| EXERCISE DIRECTIONS |
Keeping every character as it is, transcribe the entries below.

Stored items from a collection

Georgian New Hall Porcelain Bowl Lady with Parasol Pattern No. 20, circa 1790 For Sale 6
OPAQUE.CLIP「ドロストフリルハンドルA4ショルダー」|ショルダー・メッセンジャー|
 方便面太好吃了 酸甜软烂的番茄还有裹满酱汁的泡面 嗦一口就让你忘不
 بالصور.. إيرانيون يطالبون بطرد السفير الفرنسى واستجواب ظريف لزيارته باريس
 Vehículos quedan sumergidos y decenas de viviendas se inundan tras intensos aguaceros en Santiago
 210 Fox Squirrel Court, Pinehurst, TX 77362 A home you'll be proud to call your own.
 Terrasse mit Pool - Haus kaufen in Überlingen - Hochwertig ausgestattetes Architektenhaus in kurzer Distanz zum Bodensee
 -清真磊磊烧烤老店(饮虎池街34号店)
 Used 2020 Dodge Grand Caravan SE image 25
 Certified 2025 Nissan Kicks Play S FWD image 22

| ANSWER BELOW |
Georgian New Hall Porcelain Bowl Lady with Parasol Pattern No. 20, circa 1790 For Sale 6
OPAQUE.CLIP「ドロストフリルハンドルA4ショルダー」|ショルダー・メッセンジャー|
 方便面太好吃了 酸甜软烂的番茄还有裹满酱汁的泡面 嗦一口就让你忘不
 بالصور.. إيرانيون يطالبون بطرد السفير الفرنسى واستجواب ظريف لزيارته باريس
 Vehículos quedan sumergidos y decenas de viviendas se inundan tras intensos aguaceros en Santiago
 210 Fox Squirrel Court, Pinehurst, TX 77362 A home you'll be proud to call your own.
 Terrasse mit Pool - Haus kaufen in Überlingen - Hochwertig ausgestattetes Architektenhaus in kurzer Distanz zum Bodensee
 -清真磊磊烧烤老店(饮虎池街34号店)
 Used 2020 Dodge Grand Caravan SE image 25
 Certified 2025 Nissan Kicks Play S FWD image 22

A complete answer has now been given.